### PROBLEM
Write out, word for word, the part of the listing below that opens with the line containing "Hello guys, welcome" and closes with the line containing "G'day guys, Jake", keeping both of those lines and adding no others.

### INPUT DATA

◇ ◇ ◇ ◇ ◇ ◇ ◇

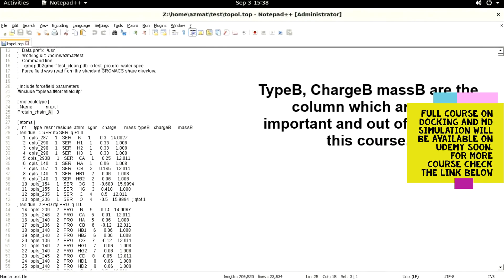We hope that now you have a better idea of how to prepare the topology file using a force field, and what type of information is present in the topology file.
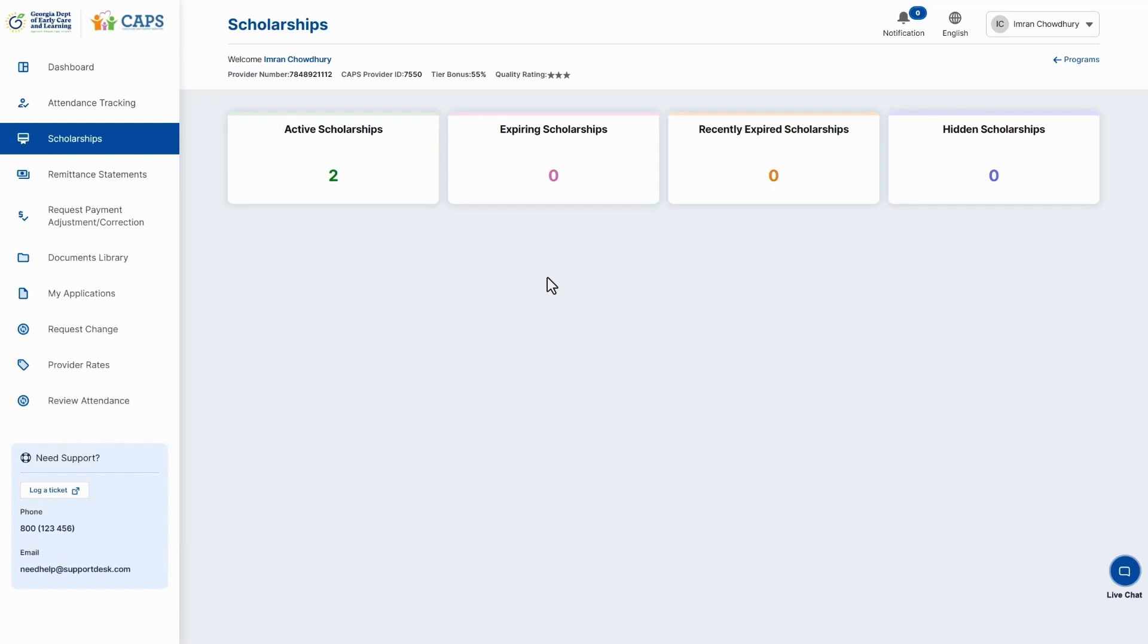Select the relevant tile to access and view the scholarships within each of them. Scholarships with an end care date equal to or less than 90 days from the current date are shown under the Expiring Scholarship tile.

◇ ◇ ◇ ◇ ◇ ◇ ◇

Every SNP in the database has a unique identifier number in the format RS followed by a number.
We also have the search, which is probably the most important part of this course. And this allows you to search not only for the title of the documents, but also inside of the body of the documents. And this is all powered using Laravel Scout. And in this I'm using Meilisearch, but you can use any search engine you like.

◇ ◇ ◇ ◇ ◇ ◇ ◇

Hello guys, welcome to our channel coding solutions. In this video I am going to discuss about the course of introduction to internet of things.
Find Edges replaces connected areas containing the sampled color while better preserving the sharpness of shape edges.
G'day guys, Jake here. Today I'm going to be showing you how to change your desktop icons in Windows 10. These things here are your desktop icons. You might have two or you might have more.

◇ ◇ ◇ ◇ ◇ ◇ ◇

### RESPONSE AREA
Hello guys, welcome to our channel coding solutions. In this video I am going to discuss about the course of introduction to internet of things.
Find Edges replaces connected areas containing the sampled color while better preserving the sharpness of shape edges.
G'day guys, Jake here. Today I'm going to be showing you how to change your desktop icons in Windows 10. These things here are your desktop icons. You might have two or you might have more.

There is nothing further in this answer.